Supplied records START
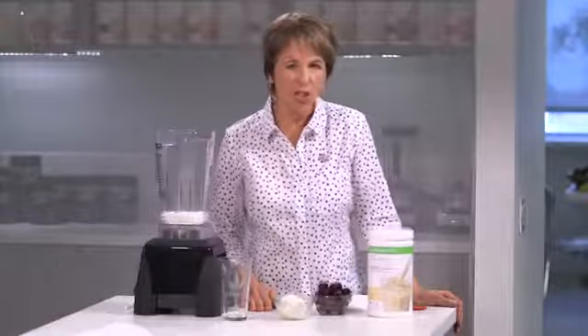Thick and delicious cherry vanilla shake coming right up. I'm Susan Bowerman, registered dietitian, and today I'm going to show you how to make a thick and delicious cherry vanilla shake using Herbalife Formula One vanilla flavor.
Supplied records END
Supplied records START
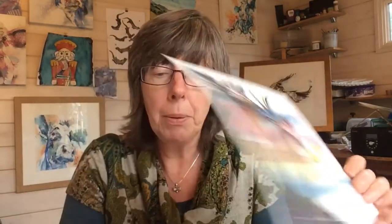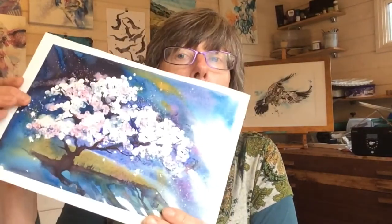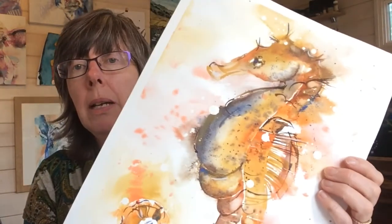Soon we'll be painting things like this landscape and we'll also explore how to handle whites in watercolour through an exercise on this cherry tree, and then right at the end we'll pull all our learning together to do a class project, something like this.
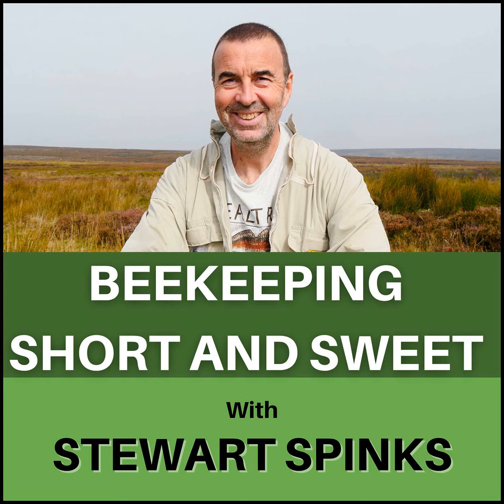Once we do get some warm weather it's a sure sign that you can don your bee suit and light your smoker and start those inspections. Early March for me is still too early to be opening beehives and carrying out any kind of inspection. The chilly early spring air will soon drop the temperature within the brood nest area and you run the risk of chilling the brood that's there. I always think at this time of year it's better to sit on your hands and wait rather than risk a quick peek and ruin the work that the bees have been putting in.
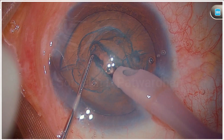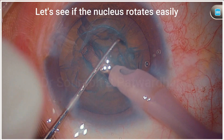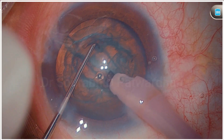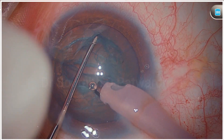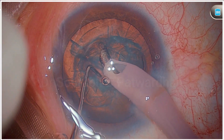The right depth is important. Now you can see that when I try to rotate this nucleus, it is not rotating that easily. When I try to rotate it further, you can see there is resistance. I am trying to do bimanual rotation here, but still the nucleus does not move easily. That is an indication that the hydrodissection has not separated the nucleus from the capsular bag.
Supplied records END
_Task prompt_
With the pictures omitted, print the lines above exactly, beginning at the line with "Once we do get" and going on through the line with "The right depth".

_Final answer_
Once we do get some warm weather it's a sure sign that you can don your bee suit and light your smoker and start those inspections. Early March for me is still too early to be opening beehives and carrying out any kind of inspection. The chilly early spring air will soon drop the temperature within the brood nest area and you run the risk of chilling the brood that's there. I always think at this time of year it's better to sit on your hands and wait rather than risk a quick peek and ruin the work that the bees have been putting in.
The right depth is important. Now you can see that when I try to rotate this nucleus, it is not rotating that easily. When I try to rotate it further, you can see there is resistance. I am trying to do bimanual rotation here, but still the nucleus does not move easily. That is an indication that the hydrodissection has not separated the nucleus from the capsular bag.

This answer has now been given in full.